A bill not vetoed

Published September 11, 2014

Editorial by Greensboro News-Record, September 11, 2014.

Gov. Pat McCrory waved his veto stamp at the legislature’s flawed coal ash cleanup bill, then he dropped it. He’ll let the measure become law without his signature, he said Tuesday.

The governor cited “major deficiencies that need to be corrected” but let them stand. He raised “constitutional, operational and funding concerns” but did not send the bill back for repairs.

He said he will seek an “advisory opinion” from the state Supreme Court about the constitutionality of a commission created by the legislature to oversee cleanup of Duke Energy coal ash ponds. The governor believes this commission, most of whose members will be appointed by legislative leaders, will be accountable to no one and usurp a function that should belong to the executive branch of government.

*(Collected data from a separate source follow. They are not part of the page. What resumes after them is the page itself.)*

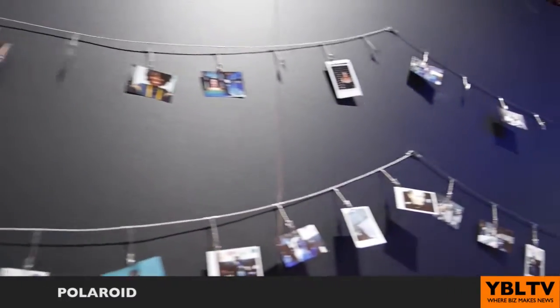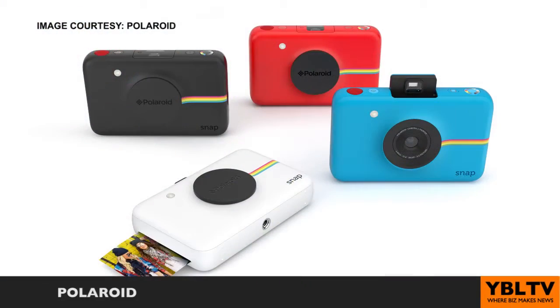Once you capture an image with the Snap camera, it sends it through the printer itself. It takes under 45 seconds to print out, and you've got a 2x3 inch color photo that you can actually peel back and stick onto any surface if you want to. It's really affordable and fun to use.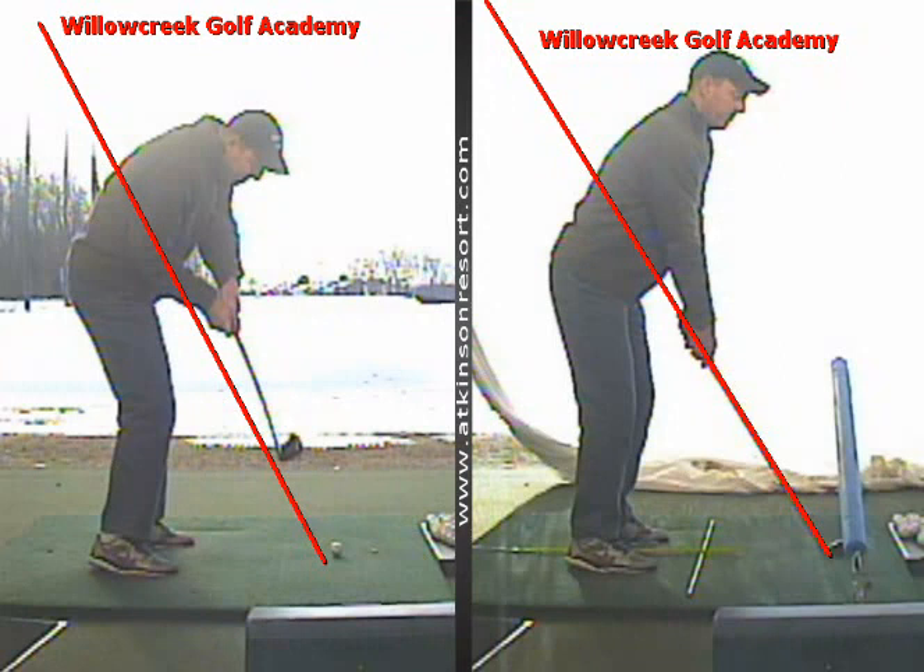Without cameras or TrackMan, this can be a really tough area to work on. So my suggestion would be: get yourself some alignment sticks, put one on the ground at approximately a 35-degree angle, slide a swim noodle over the top of it, and tee the ball up directly underneath that noodle. Another one parallel to that for your body alignment, which will include your feet, hips, and shoulders. And then lastly, depending on what club you're going to use, one to confirm your ball position.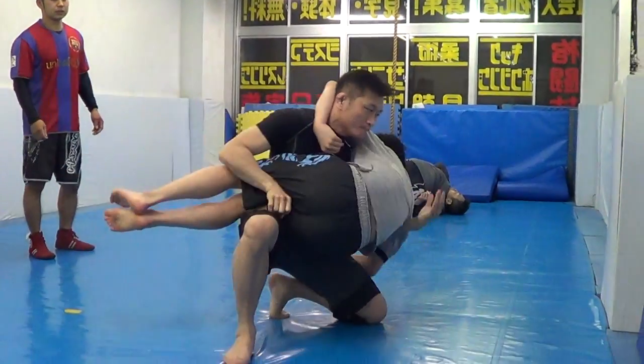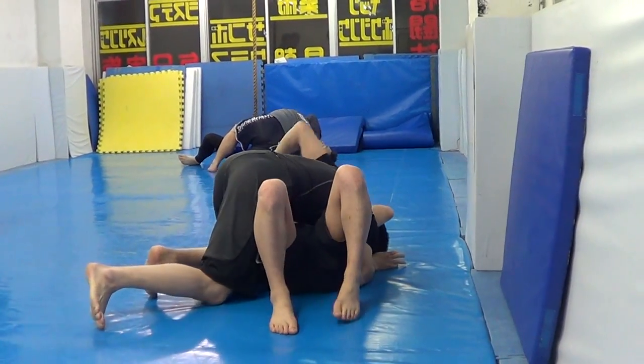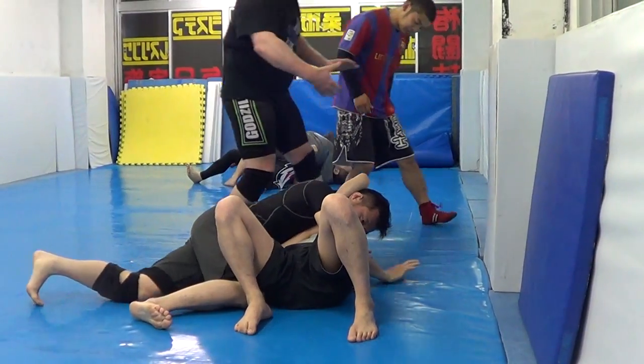That is good. Grab, grab, grab. Hands again.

He has a point. This legislature regularly intrudes into matters that ought to be left to the executive or judicial branches as well as local governments. But the governor will not get an “advisory opinion” from the Supreme Court to back him up. If he did, it would carry no force of law.

There is a spotty history of Supreme Court advisory opinions in North Carolina. The court seems to have given the last word in 1985 when it responded to such a request from then-Lt. Gov. Bob Jordan and then-Speaker Liston Ramsey: “The North Carolina Constitution does not authorize the Supreme Court as a court to issue advisory opinions,” it said.

On occasion, individual justices speaking for themselves had offered advisory opinions, the court wrote, but “because these opinions have been, and constitutionally can only be, opinions of individual members of the court and not the court itself, they have not and could not have had the force of law.”

Offering an advisory opinion would amount to prejudging a case before arguments were made. Chief Justice Mark Martin said in an email Wednesday, when asked about the governor’s statement, “I cannot comment on matters that may come before the courts.” He added that he has not spoken to the governor or anyone else about this “and do not intend to do so.”

The governor’s statement said that, without an advisory opinion, he will “move forward with a lawsuit to challenge the legislature’s encroachment upon the executive branch.”

He held the tool in his hand to challenge that encroachment, and block it, but he chose not to use it.

McCrory praised some parts of the bill that requires Duke to clean out and close some coal ash ponds, including the Dan River facility that collapsed in February, causing a massive spill into the river. Other ponds would only have to be improved and capped. He noted that his own proposal was stronger, and he also expressed legitimate concerns that “many critical tasks” aren’t funded by the bill.

He could have added another omission. The bill does not hold Duke financially accountable for cleanup costs. Customers may end up paying.

Even sponsors of the bill acknowledge that it was just a start. They cobbled together a compromise after initial attempts to approve legislation failed. Lawmakers, after completing most of their business and going home in early August, were called back to Raleigh to pass the measure. They appeared to be in a hurry.

Yet, dealing with coal ash is a long-term project. The governor should propose the next steps and work more productively with the legislature in 2015 to do a better job of protecting North Carolina’s water from further harm.